What is being asked:
Leaving the pictures aside, repeat each line below exactly.

Source data:
Start of Block
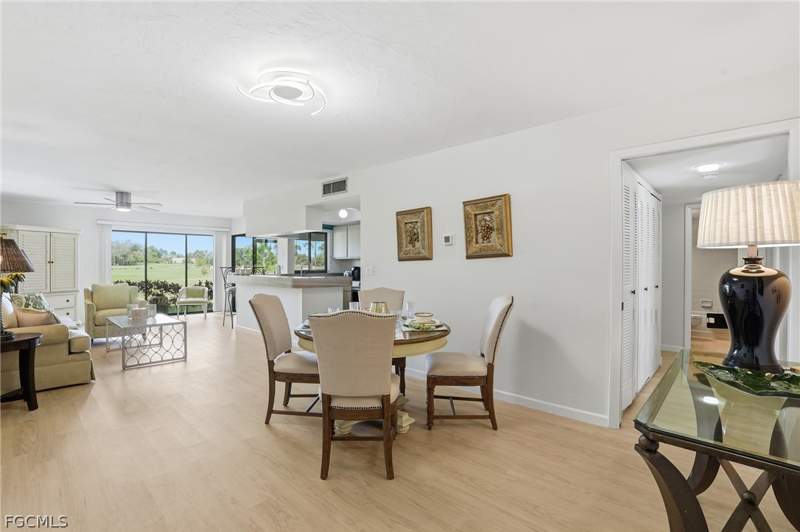 3 bedroom Condominium at 5585 Trailwinds Dr 314, Baltusrol Village, Fort Myers — photo 2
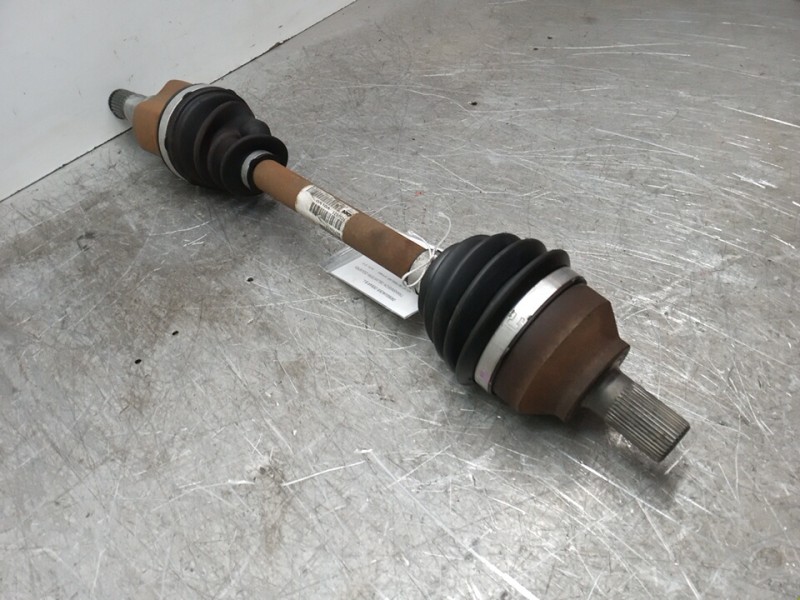 Recambio de transmision delantera izquierda para volvo v50 familiar 1.8 kinetic referencia OEM IAM T050621  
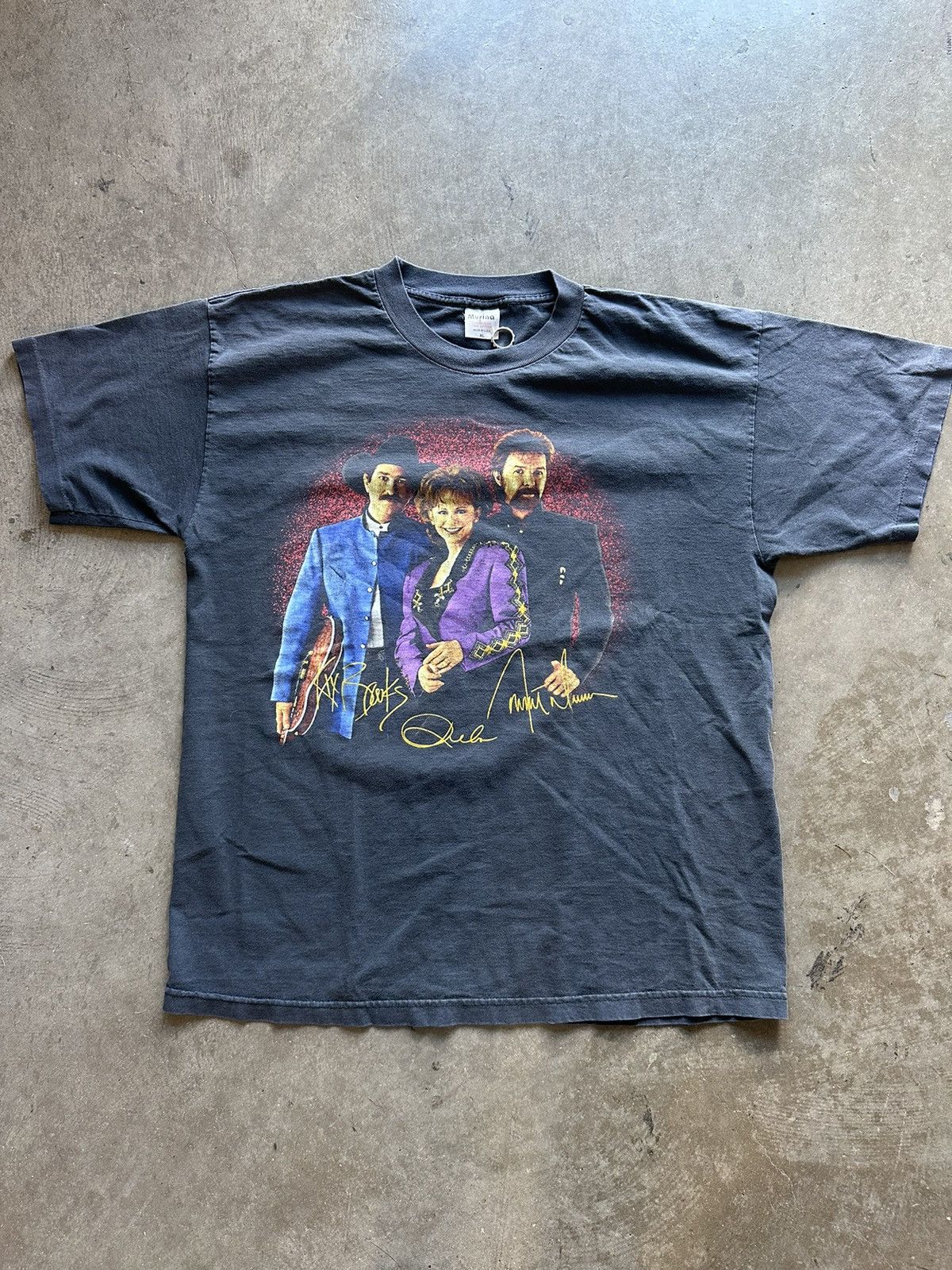 Vintage Brooks & Dunn Reba Mcentire Tour Tee Size US XL / EU 56 / 4 - 1 Thumbnail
End of Block
Answer to this exercise:
 3 bedroom Condominium at 5585 Trailwinds Dr 314, Baltusrol Village, Fort Myers — photo 2
 Recambio de transmision delantera izquierda para volvo v50 familiar 1.8 kinetic referencia OEM IAM T050621  
 Vintage Brooks & Dunn Reba Mcentire Tour Tee Size US XL / EU 56 / 4 - 1 Thumbnail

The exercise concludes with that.